The first recipe I ever perfected was fudge. I admit, part of it had to do with the fact that fudge was something my mom had given up on making well. Starting in about middle school, to judge by the handwriting on the recipe card, I made many batches of fudge each winter. Teachers, family, and friends all got fudge as holiday gifts, and no one ever complained.
But when I gave up dairy, some 10 or 12 years ago, I gave up on fudge. I tried making evaporated and sweetened condensed non-dairy milks a few times, never all that satisfied with the results. When I found a coconut milk-based sweetened condensed milk this year, I was thrilled! Until I realized that my amazing fudge recipe used evaporated milk. Darn it all.

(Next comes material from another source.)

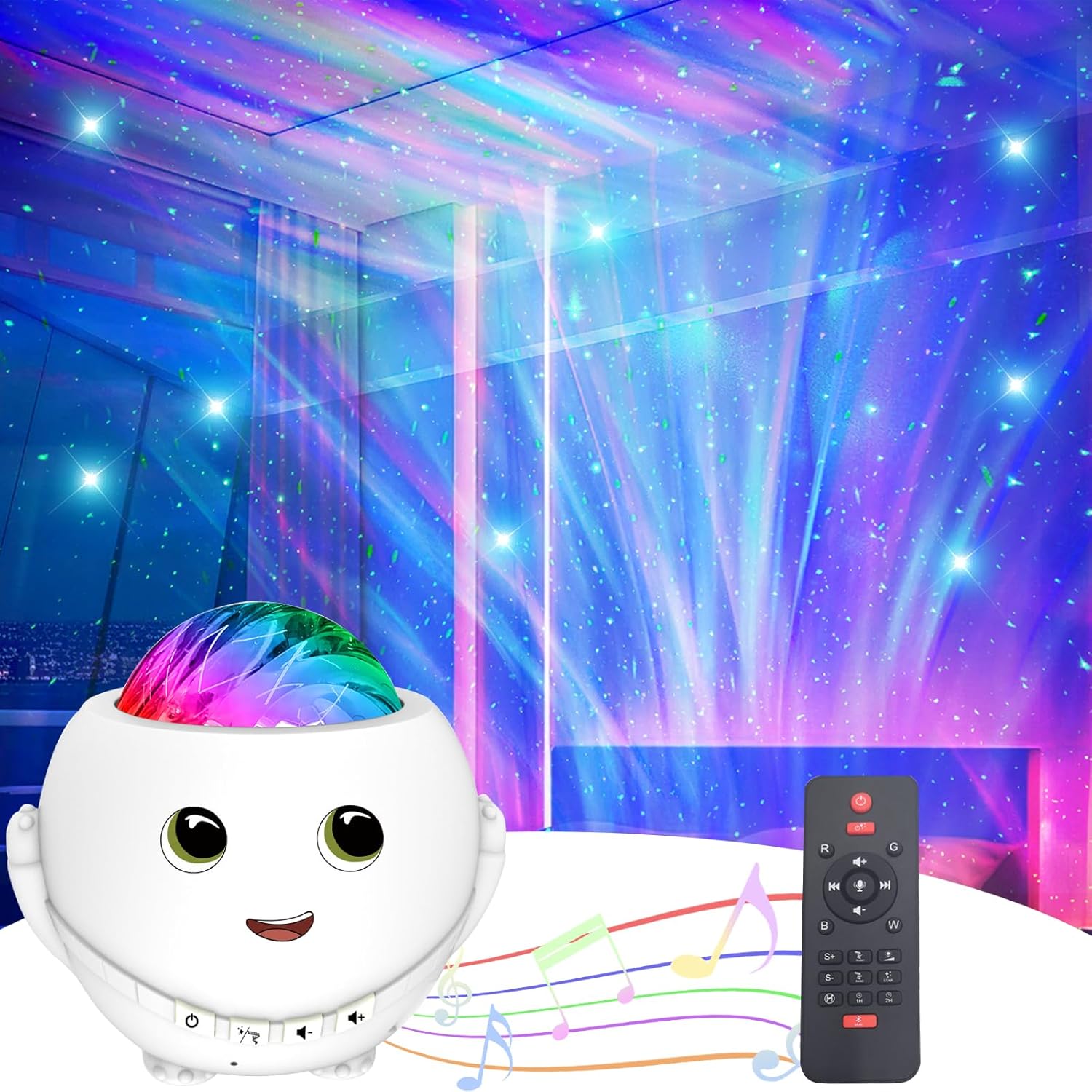 Star Projector,Galaxy Projector for Bedroom,Christmas Gifts for Boys Girls,Timer...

There is a conversion. It involved math. I did it. And the results are tasty. It’s not perfect — coconut milk is brilliant, but in almost every use, it still tastes of coconut, and fudge generally doesn’t taste of coconut, but the flavor isn’t too strong to get past here. Bonus: this recipe is easy. It takes less than 10 minutes of active work, and requires no specialized equipment. Plus, the way the chocolate just doesn’t look like it is going to blend in — and then it does? It’s like magic.
- 1 can sweetened condensed coconut milk 7.5 oz was the only size out there
- 1 Tablespoon non-dairy milk
- 1.5 cups sugar
- 1/2 cup butter or margarine PLUS
- 2 Tablespoons butter or margarine
- 1 1/4 cup chocolate chips check for allergens!
- In a saucepan over medium heat, bring non-dairy milks, sugar, and butter or margarine to a boil. Boil for one minute, stirring constantly.
- Remove from heat, and add chocolate chips. Beat with a wooden spoon for 3 minutes.
- Pour into lined baking dish at least 8x8 inches square.
- Cool completely and cut to desire serving sizes.